[Captioned web images]
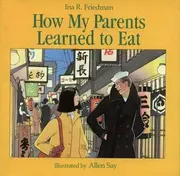 How My Parents Learned to Eat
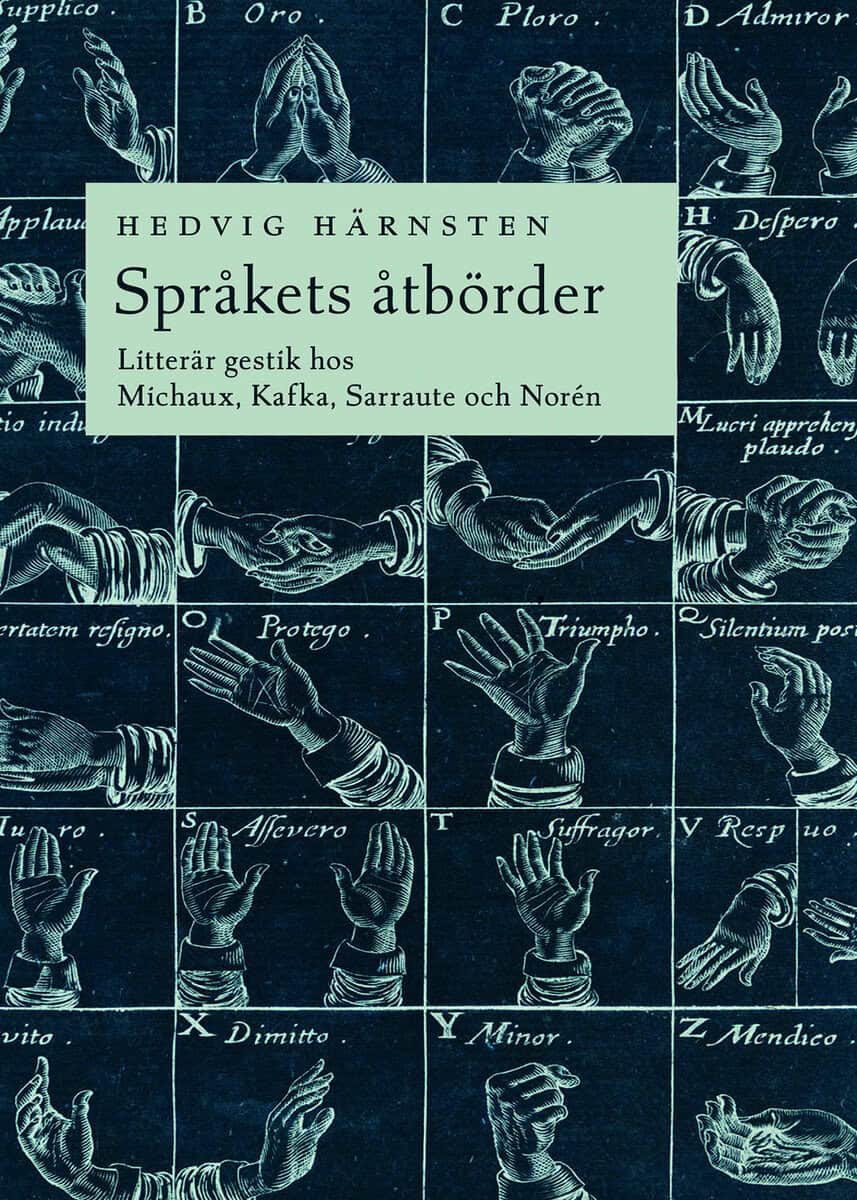 Hedvig Härnsten : Språkets åtbörder : litterär gestik hos Michaux, Kafka, Sarraute och Norén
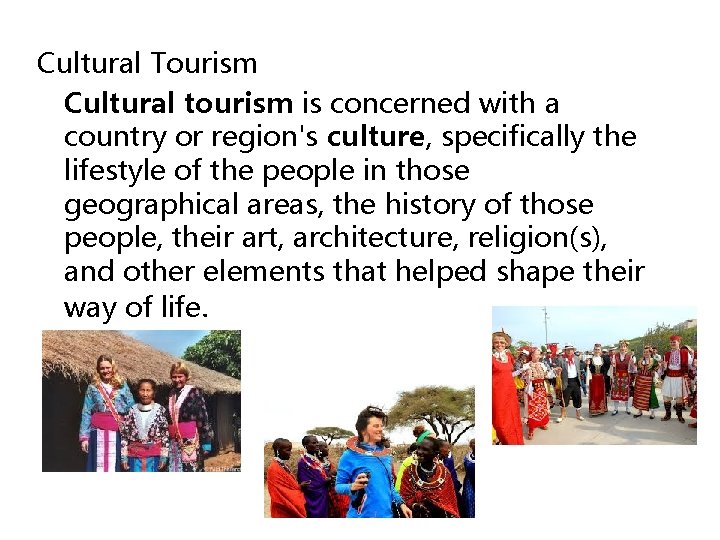 Cultural Tourism Cultural tourism is concerned with a country or region's culture, specifically the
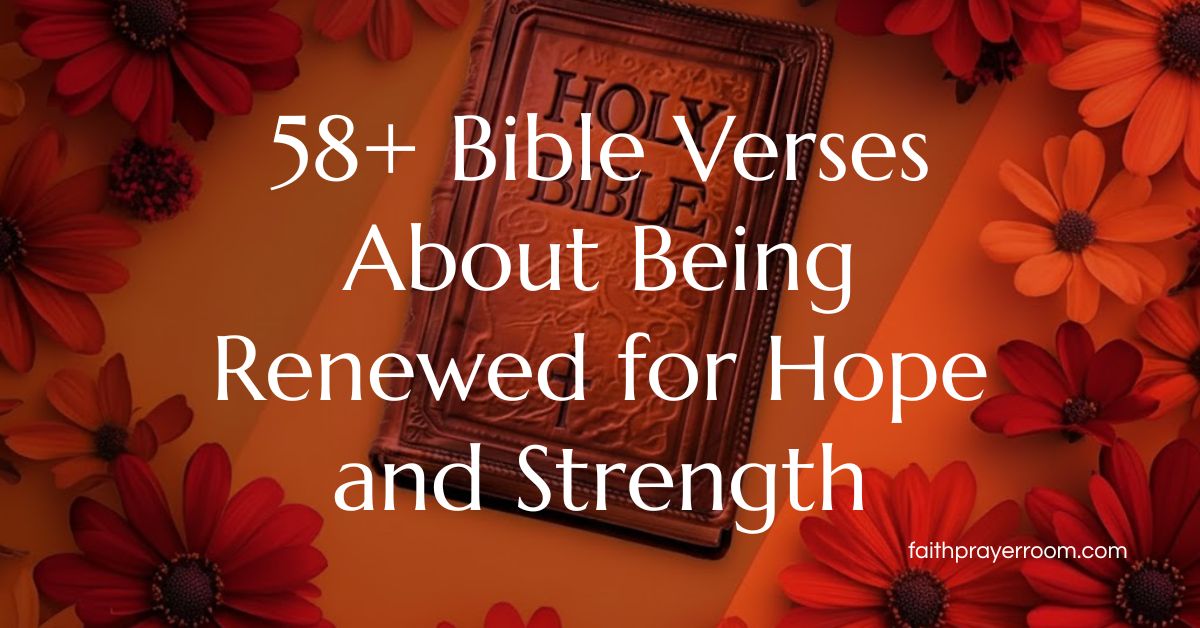 58+ Bible Verses About Being Renewed for Hope and Strength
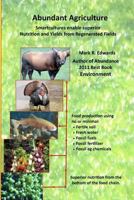 Abundant Agriculture: Smartcultures enable superior Nutrition and Yields from Regenerated Fields (Green Algae Strategy) 1456368125 Book Cover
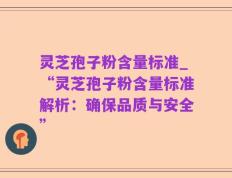 灵芝孢子粉含量标准_“灵芝孢子粉含量标准解析：确保品质与安全”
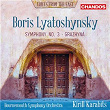 Lyatoshynsky: Symphony No. 3 & Grazhyna | Kirill Karabits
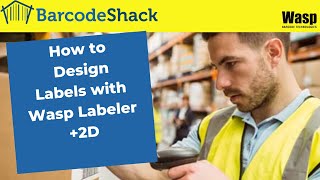 Design Your Own Label with Wasp Labeler +2D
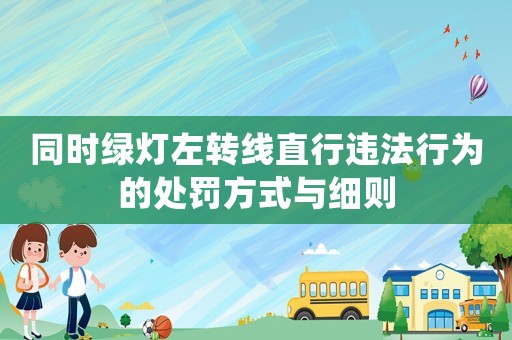 同時綠燈左轉(zhuǎn)線直行違法行為的處罰方式與細(xì)則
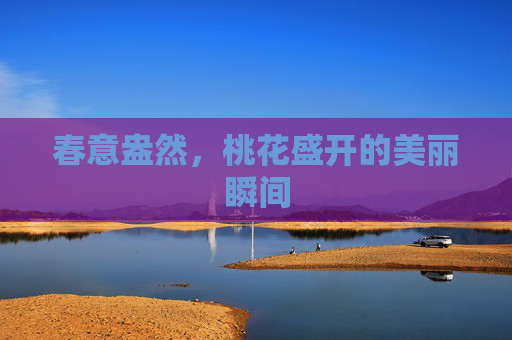 春意盎然，桃花盛开的美丽瞬间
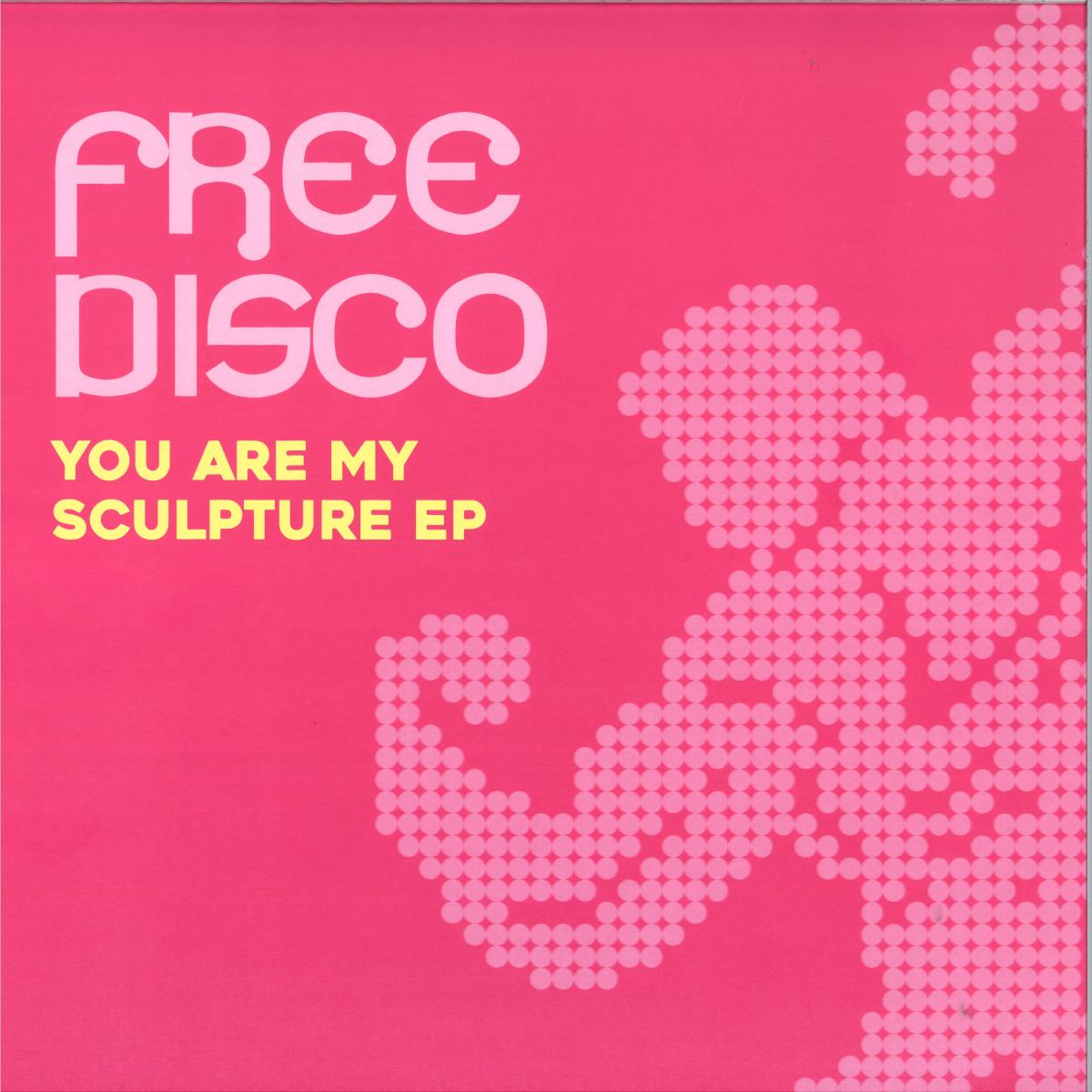 Free Disco — You Are My Sculpture EP vinyl cover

### Task requirements:
Return verbatim every line from the one holding "Abundant Agriculture: Smartcultures" to the end of the records above. Do not copy the pictures.

### Reply:
 Abundant Agriculture: Smartcultures enable superior Nutrition and Yields from Regenerated Fields (Green Algae Strategy) 1456368125 Book Cover
 灵芝孢子粉含量标准_“灵芝孢子粉含量标准解析：确保品质与安全”
 Lyatoshynsky: Symphony No. 3 & Grazhyna | Kirill Karabits
 Design Your Own Label with Wasp Labeler +2D
 同時綠燈左轉(zhuǎn)線直行違法行為的處罰方式與細(xì)則
 春意盎然，桃花盛开的美丽瞬间
 Free Disco — You Are My Sculpture EP vinyl cover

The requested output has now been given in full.